# New guy from MN



## rollingstonebow (Feb 7, 2010)

Hi everyone just wanted to say HI. My brother in-law found this site 2 months ago and I really like the comaraderie like atmosphere.


----------



## buckchaser86 (Jun 10, 2009)

Welcome to AT!!  Good to see another Minnesotan


----------



## rollingstonebow (Feb 7, 2010)

*Rollingstonebow*

Thank You


----------



## Mark455 (Jan 23, 2009)

Welcome!
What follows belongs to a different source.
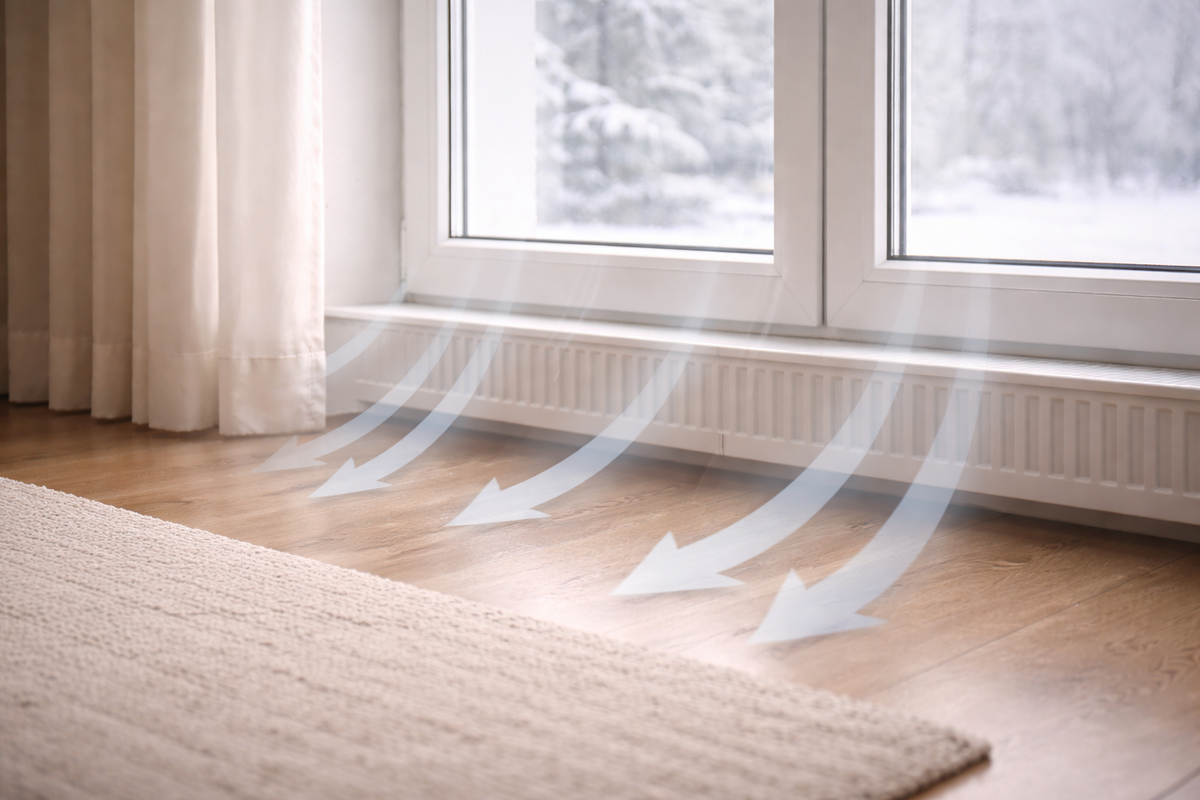 У холодного стекла воздух быстро остывает, становится тяжелее и “стекает” вниз — дальше он тонким слоем расползается по полу. Радиатор должен перехватывать этот поток и поднимать его вверх; если конвекция слабая/перекрыта — появляется эффект «тянет по полу».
You'll like this site.


----------



## pinski79 (Jan 23, 2010)

Your brother in law must be pretty awesome


----------



## HighFive22 (Jan 7, 2009)

buckchaser86 said:


> Welcome to AT!!  Good to see another Minnesotan


For sure the more the better!!!
:welcomesign:


----------



## Crazy4Centaurs (Feb 8, 2010)

Rolling Stone Bow,
I too am new, wanna be friends ?? 
Crazy4Centaurs
North Carolina


----------



## Tim Roberts (Jul 13, 2002)

:wav: :yo: *G'day.*







to *Archery Talk* rollingstonebow. Have fun here.


----------



## Dthbyhoyt (Dec 4, 2004)

:welcome: 2 ArcheryTalk


----------



## killerloop (Mar 16, 2008)

welcome fellow MinneSNOWton


----------



## rycountryboy (Feb 21, 2008)

:welcome: to AT


----------



## rollingstonebow (Feb 7, 2010)

*Nice welcome*

Thanks everyone for the welcome.


----------



## wicked1Joe (May 19, 2009)

:wav:
Welcome to AT


----------



## rdj-pencilart (Jun 22, 2006)

*welcome*

this is a great site.. and a lot of great people are visiting it every day


----------



## canoesota (Jun 18, 2010)

Welcome from Plymouth,MN


----------



## US_Tank (Jun 19, 2010)

Hey there! Fargo, ND here. Gotta love archery.


----------